First Treatment Approved for Painful Skin Disease
Humira was seen to control symptoms and pain related to hidradenitis suppurativa.
The findings from a pair of phase 3 clinical trials of adalimumab (Humira) led to its approval by the FDA to treat hidradenitis suppurativa (HS), a painful inflammatory skin disease.
The tumor necrosis factor (TNF) inhibitor is the first treatment approved for HS.
“HS is a devastating disease affecting young women and men with painful, disfiguring boils and abscesses, primarily in the armpits and groin,” said lead author Alexa Kimball, MD, MPH. “Both physical functioning and quality of life are severely affected, and while many treatments are used to relieve symptoms and try to get the disease under control, this largest set of placebo-controlled information to date clearly shows that improvement can result for patients.”

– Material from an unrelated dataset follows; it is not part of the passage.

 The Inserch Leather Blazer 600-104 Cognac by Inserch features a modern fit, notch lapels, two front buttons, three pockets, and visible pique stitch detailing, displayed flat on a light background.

The studies PIONEER 1 and PIONEER 2, published by the New England Journal of Medicine, were sponsored by AbbVie, who markets adalimumab (Humira) for inflammatory skin conditions. HS effects areas containing apocrine sweat glands.

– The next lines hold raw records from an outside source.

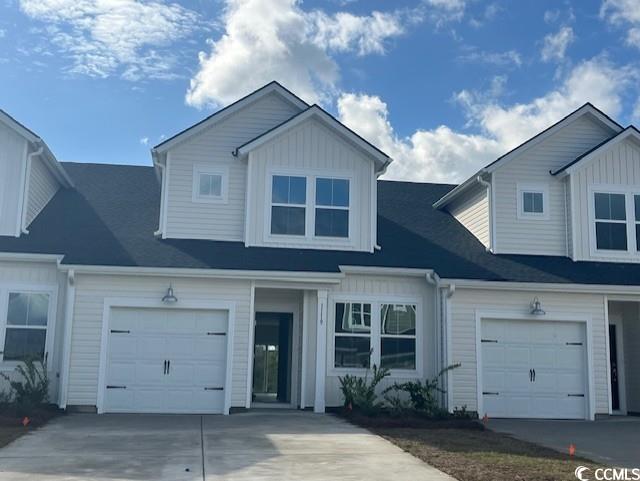 View of front of property with a garage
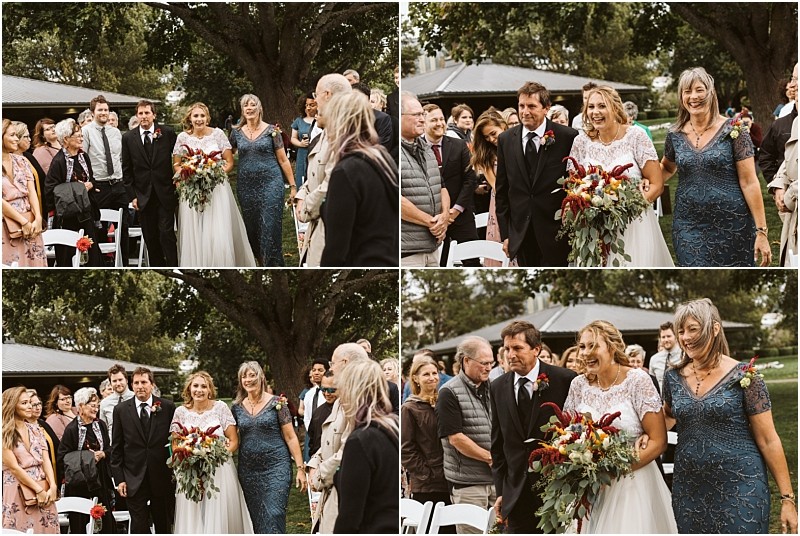Premier Snohomish & Seattle Wedding Photographer | GSquared Weddings Photography A bride walks down the outdoor aisle on her Snohomish wedding day, accompanied by her parents. Guests, some standing and some seated, watch and smile. The scene is joyful, surrounded by trees and greenery. 47.9129° N, 122.0982° W | Serving Snohomish, Seattle , Orlando & Beyond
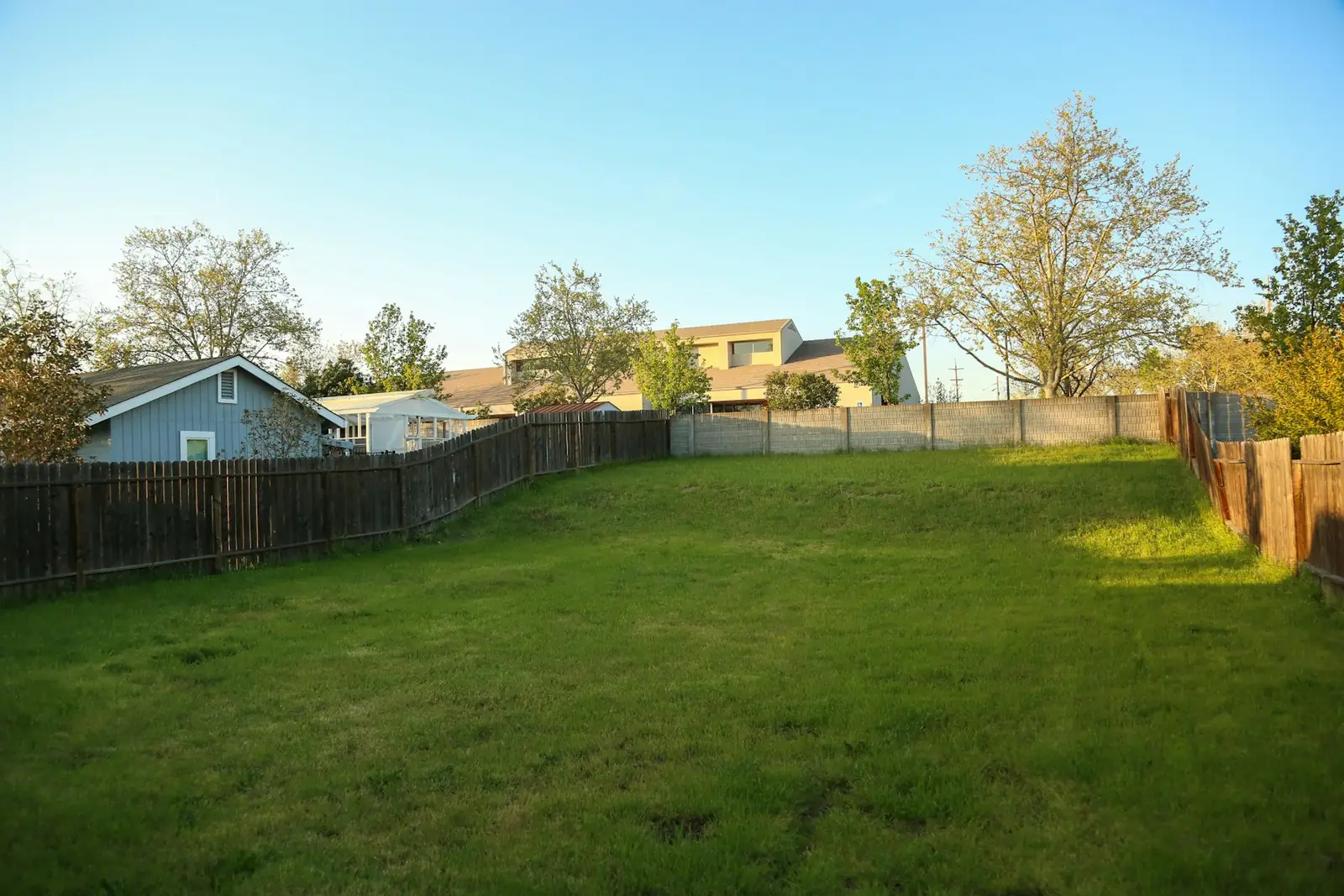 Long back garden lawn with timber boundary fencing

The disease is thought to be caused my immune system irregularities and increased levels of cytokines. Humira inhibits TNH activities.

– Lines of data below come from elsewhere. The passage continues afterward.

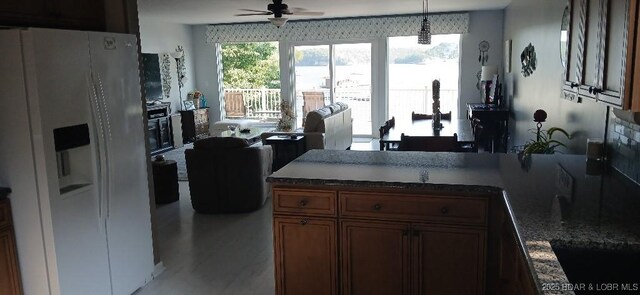 50 Shannon Cir, Sunrise Beach, MO 65079 - kitchen with white refrigerator with ice dispenser, a ceiling fan, brown cabinets, dark countertops, and hanging light fixtures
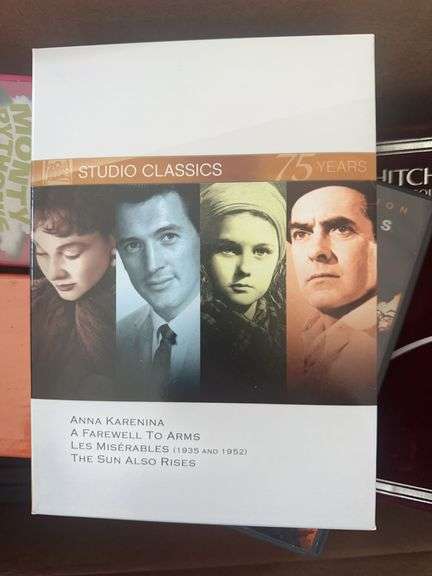 Box of VCR Tapes and DVDs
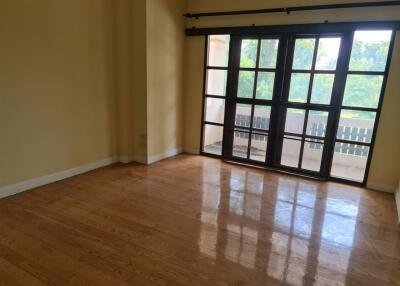 Spacious living room with large windows and wooden flooring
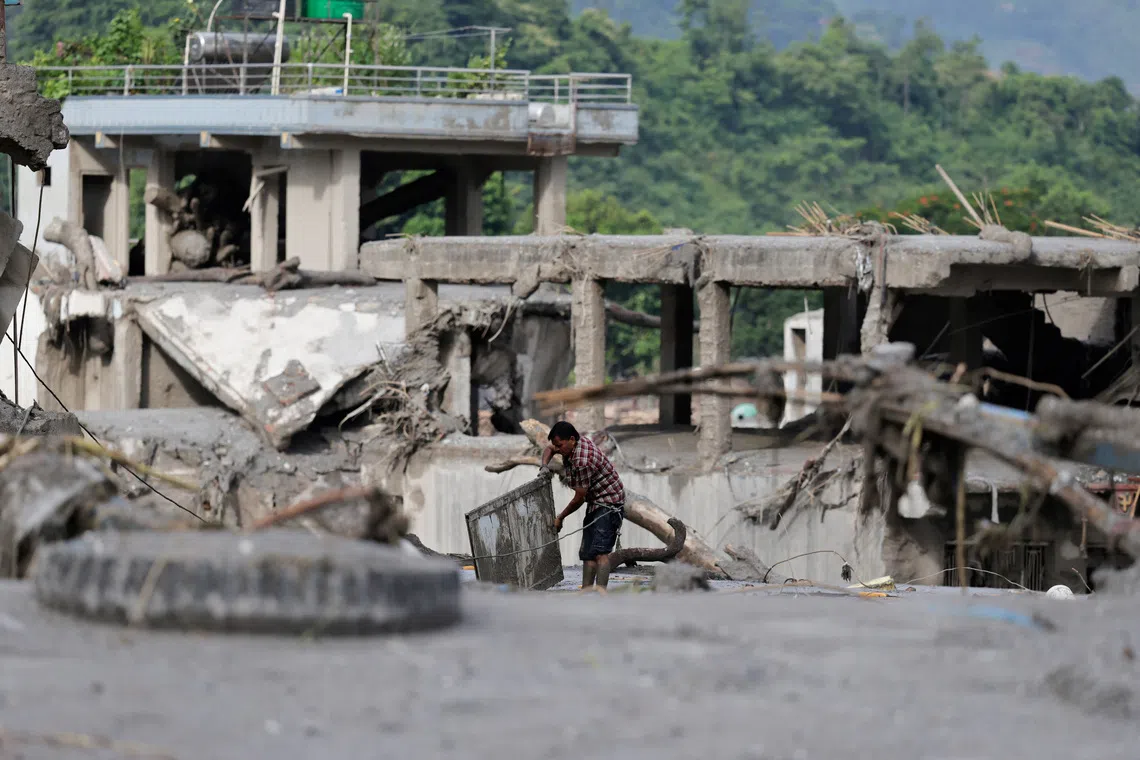 Nepal, China warn of fresh flood threats from swelling lakes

In the phase 2 trial, researchers found that adalimumab was more effective reducing symptoms and pain compared with placebo. The phase 3 trials enrolled more than 300 patients with moderate-to-severe HS.
Patients were divided into 2 groups that either received Humira or placebo for the first 12 weeks. In PIONEER 1, patients in the placebo group received the drug for the next 24 weeks.
Patients in the other group were split into 3 subgroups. Patients in the subgroups either received the drug weekly, every other week, or received placebo.
In PIONEER 2, patients in the placebo group would continue to receive the placebo for the next 24 weeks, and the other group would also be split into the 3 subgroups. Researchers found that Humira was able to provide symptom relief more effectively than the placebo without any serious adverse events, according to the study.
They also found little difference between patients taking the weekly dose compared with patients taking biweekly doses or a placebo. Researchers noted that the severity of HS fluctuates, and treatment was discontinued in patients whose symptoms stopped responding.
This shows the need for a larger study to create an ideal length and frequency of treatment.
“These results are exciting because they open up a whole new era for HS research and treatment,” Dr Kimball concluded. “HS has been underappreciated and understudied, and this kind of research, showing not only that these studies can be done well but also that we can improve our patients' symptoms, can only lead to further advances.”